While at Black Mountain, Dawson was instructed by poet Charles Olson and painter Franz Kline, both of whom became father figures for him. Although Dawson had already published two works, Kline’s influence is apparent in Dawson’s book An Emotional Memoir of Franz Kline (1967), written after the artist’s death in 1962. Olson and Black Mountain had a significant influence on his writing; The Black Mountain Book (1970) documented life at the school from Dawson’s perspective. Dawson was also part of the 1960s Beat movement in New York City, where he relocated and remained for life after his military service. In New York, he frequented artistic and literary hotspots including the Cedar Bar and Max’s Kansas City (a restaurant and nightclub) where he interacted with artists like Kline, Jackson Pollock, Willem de Kooning, Robert Motherwell, and Philip Guston.

Although recognized in the beginning of his career for his illustrations and collages, Dawson soon focused on his writing. In a five-decade-long writing career, he published 23 books including stories, novels, memoir, and poetry. His stories have appeared in numerous literary magazines, including Blind Date, Bombay Gin, Conjunctions, Friction, House Organ, Pharos, River Styx, Shiny, Transfer, Witness, and The World.

Dawson’s writing has been compared to that of Henry James. He was greatly influenced by James Joyce; like Joyce’s Portrait of the Artist as a Young Man (1916), much of Dawson’s works are auto- or semi-autobiographical “portraits” dealing with the artistic process. Some works—such as The Greatest Story Ever Told (1973)—also rely on the unconscious; they express the narrator’s developing, ever-changing vision of the world. This reliance on the unconscious is indicative of Dawson’s fascination with psychotherapist Carl Jung, whose theories influence his book Thread (1964), which sews together the early stages of Dawson’s life as a child and as an artist. Dawson himself underwent psychotherapy for a number of years; the influence of these sessions is evident in the stories “The Sun Rises into the Sky,” (1974) and “The Man Who Changed Overnight” (1976), among others.

Much of Dawson’s literature has been published by Black Sparrow Press. Some of his more notable works include: Krazy Kat, The Unveiling, and Other Stories (1969), his first novel Open Road (1970), the Penny Lane trilogy (1977, 1981), Krazy Kat [and] 76 More: Collected Stories 1950-1976 (1982), and Virginia Dare: Stories, 1976-1981 (1985). Tiger Lilies: An American Childhood (1984) and 3 x 3 (written with Michael Rumaker and Paul C. Metcalf, 1989) are among his non-Black Sparrow publications.
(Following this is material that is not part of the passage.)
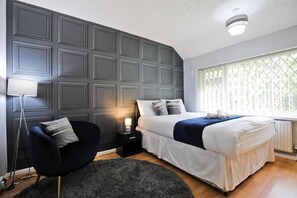 3 bedrooms, desk, free WiFi, bed sheets - Spacious House for Relocating - Workers - Families (Cheadle)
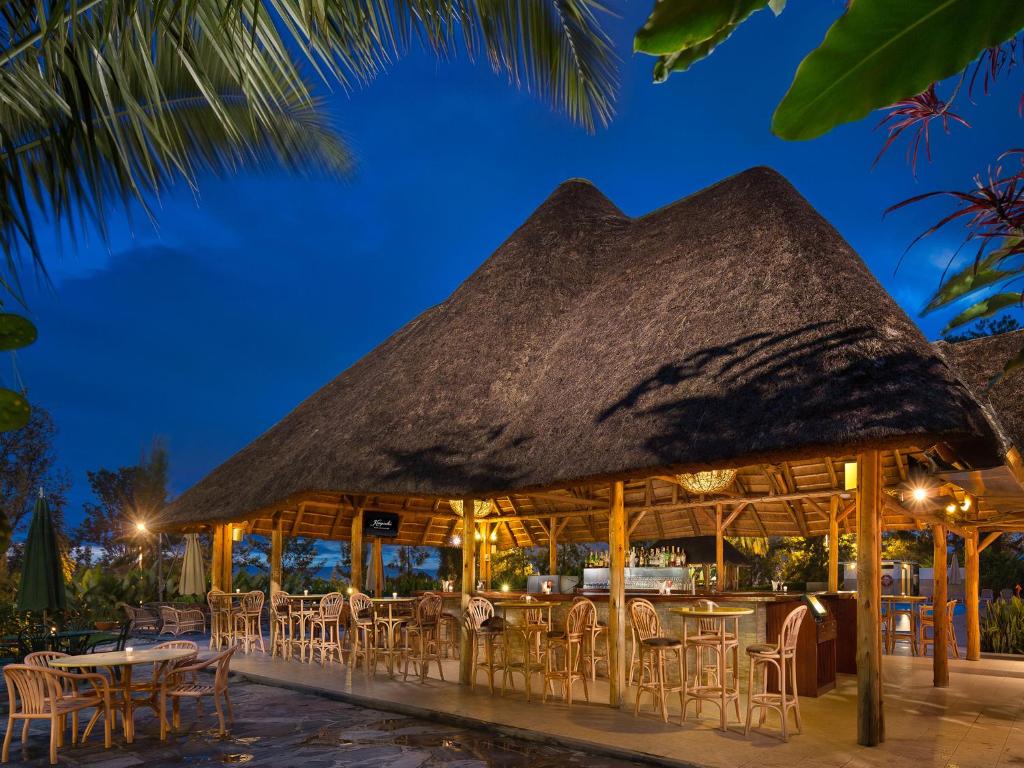 Hôtel des Mille Collines - The True Story Behind 'Hotel Rwanda'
Dawson was a creative writing teacher at Colorado’s Naropa Institute and began hosting writing classes in prisons (Rikers Island, Attica, and Sing-Sing) beginning in 1984. He taught writing in US prisons for 17 years while also working with at-risk teenagers in alternative high schools. A passionate teacher and an advocate for prison reform, he later became the chairperson for the P.E.N. Prison Writing Committee. His last published piece, No Man’s Land (2000), was colored by these experiences.

Dawson married psychologist Barbara Kraft in 1962; the two later divorced in 1976. Fielding Dawson died on January 5, 2002, leaving behind his wife, Susan Maldovan.


Dawson, Fielding. “The Vertical Fields.” Classic Short Stories. B and L Associates, Bangor, ME, 1995-2007. Web. 30 March 2012.

"Fielding Dawson." Contemporary Authors Online. Detroit: Gale, 2002. Literature Resource Center. Web. 2 Apr. 2012.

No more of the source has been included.